Problem description
Down to the last line, transcribe the records verbatim and exclude the images.

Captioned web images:
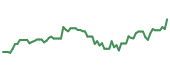 The price history of RARE following the congressional trade. The price history of RARE following the congressional trade.
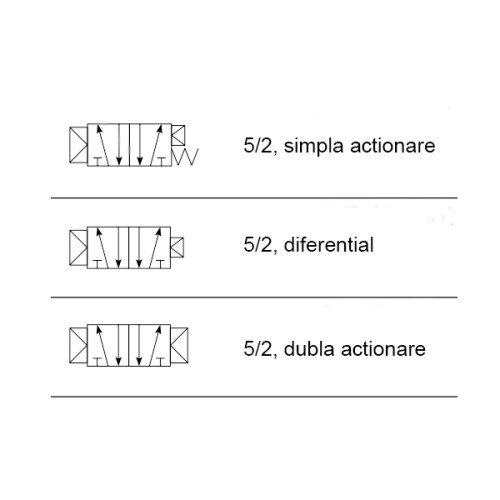 Valva ISO 5599, seria DX, cu actionare electrica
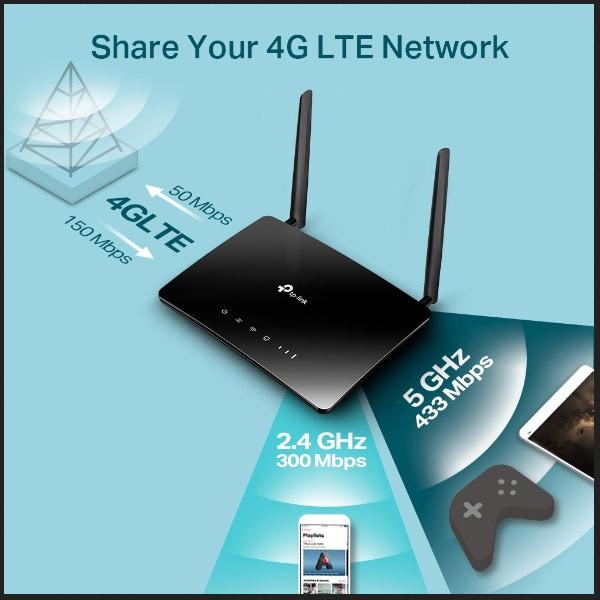 مودم 3G/4G تی پی-لینک مدل ARCHER MR402 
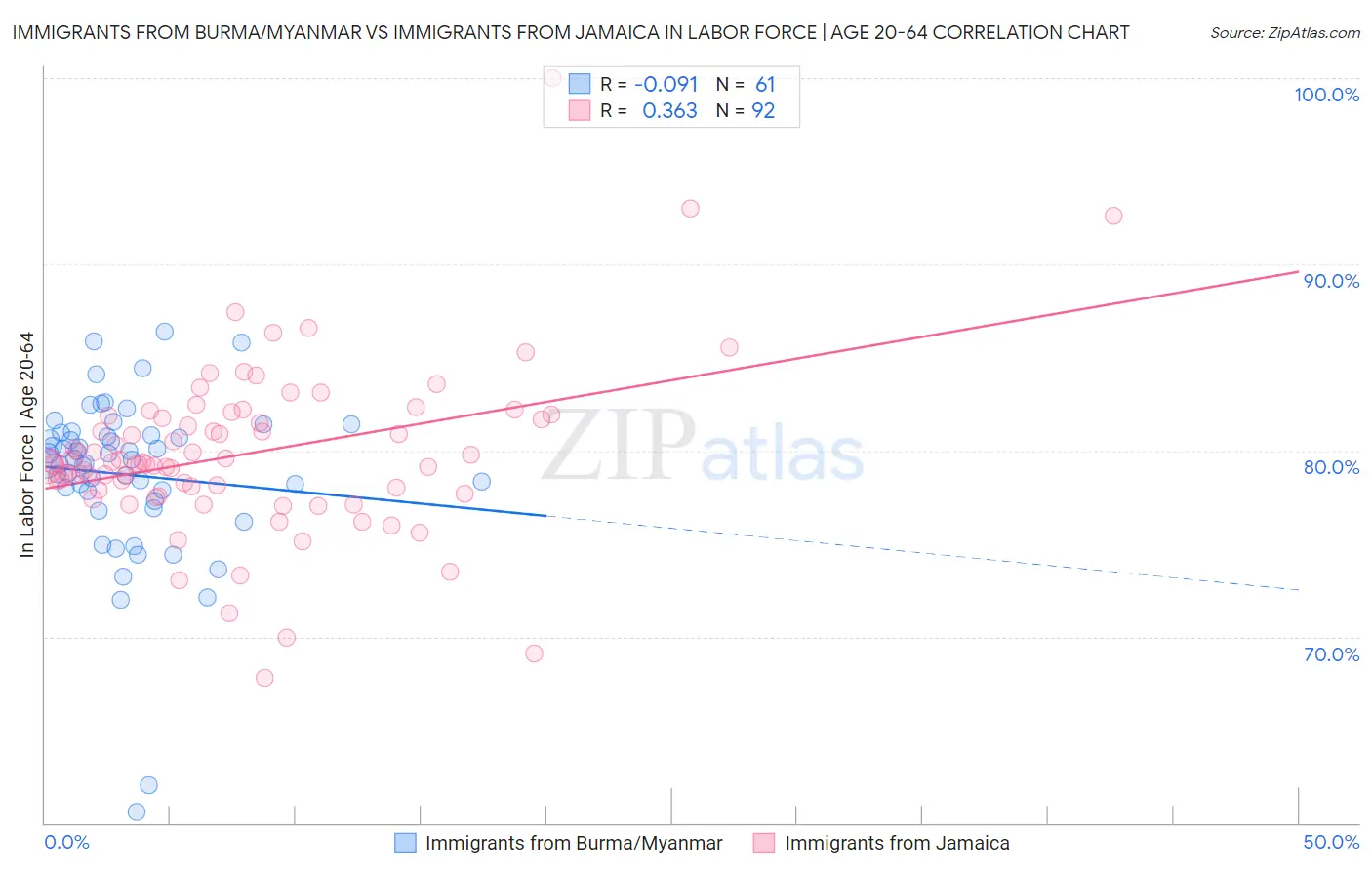 Immigrants from Burma/Myanmar vs Immigrants from Jamaica In Labor Force | Age 20-64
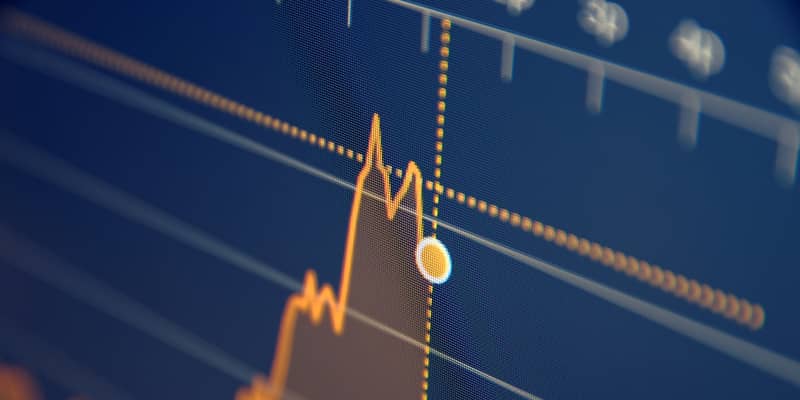 Commodity market trading screen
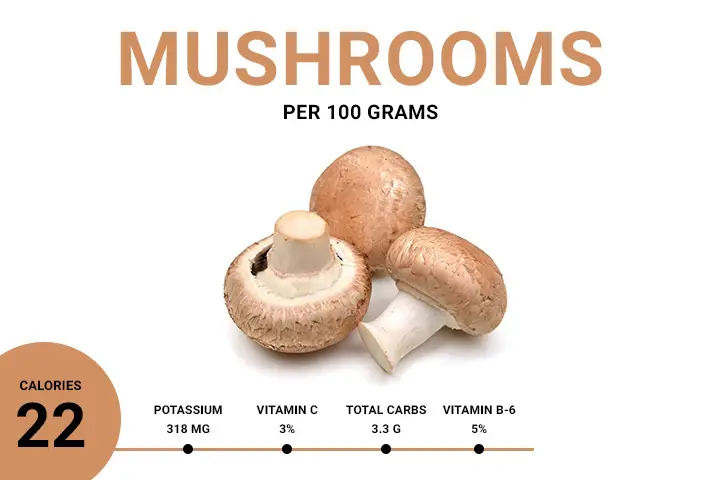 mushroom white calories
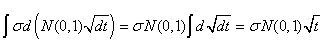 equation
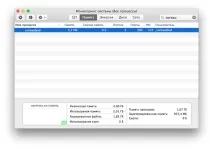 Як вирішити проблеми зі звуком у macOS, ПростоMAC комп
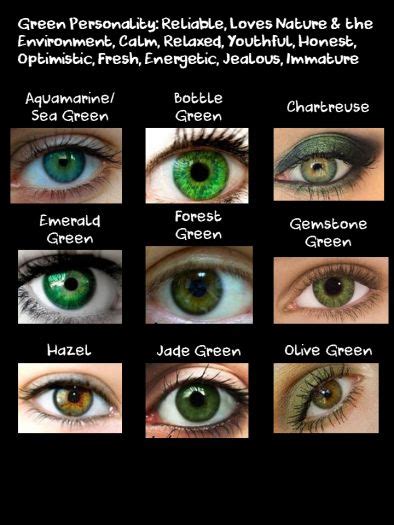 rhiwritesmadly | Eye color chart, Green eyes facts, Girl with green eyes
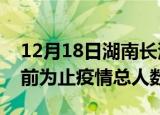 12月18日湖南长沙疫情今天多少例及长沙目前为止疫情总人数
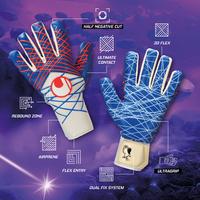 Gambar Sarung Tangan Kiper Uhlsport Prediction Ultra Grip HN Maignan Original dari ANTSPORT_NEW undefined 1 Tokopedia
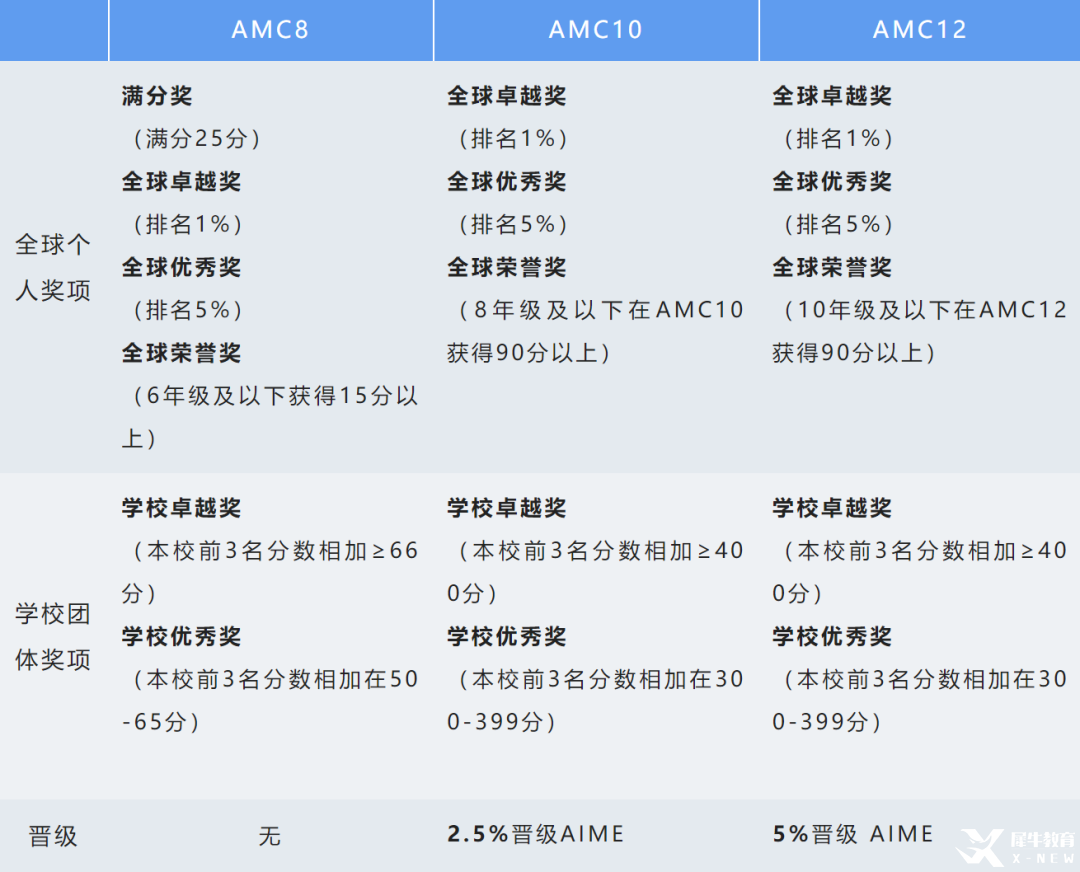 小學學習AMC8有什么優(yōu)勢？AMC8和上海三公/國際學校有什么聯系？小學階段如何備考AMC8？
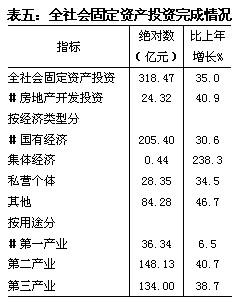 新疆生产建设兵团2009年国民经济和社会发展统计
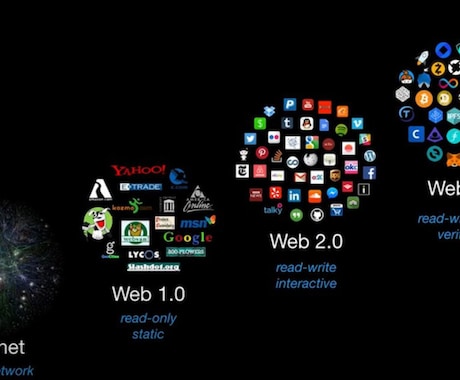 WEB3関連のご相談お受けします これから未来はWEB3ではじまる！ イメージ1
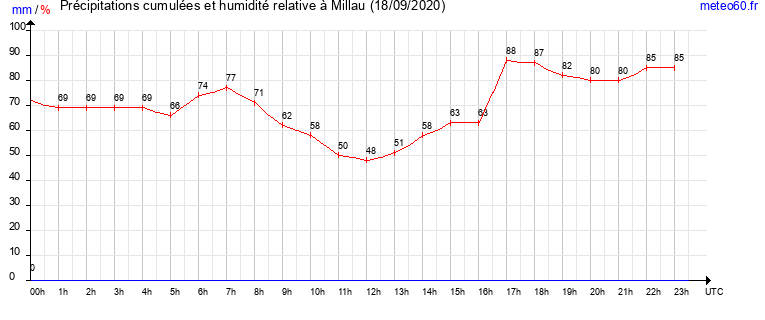 cumul des precipitations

Your solution
 The price history of RARE following the congressional trade. The price history of RARE following the congressional trade.
 Valva ISO 5599, seria DX, cu actionare electrica
 مودم 3G/4G تی پی-لینک مدل ARCHER MR402 
 Immigrants from Burma/Myanmar vs Immigrants from Jamaica In Labor Force | Age 20-64
 Commodity market trading screen
 mushroom white calories
 equation
 Як вирішити проблеми зі звуком у macOS, ПростоMAC комп
 rhiwritesmadly | Eye color chart, Green eyes facts, Girl with green eyes
 12月18日湖南长沙疫情今天多少例及长沙目前为止疫情总人数
 Gambar Sarung Tangan Kiper Uhlsport Prediction Ultra Grip HN Maignan Original dari ANTSPORT_NEW undefined 1 Tokopedia
 小學學習AMC8有什么優(yōu)勢？AMC8和上海三公/國際學校有什么聯系？小學階段如何備考AMC8？
 新疆生产建设兵团2009年国民经济和社会发展统计
 WEB3関連のご相談お受けします これから未来はWEB3ではじまる！ イメージ1
 cumul des precipitations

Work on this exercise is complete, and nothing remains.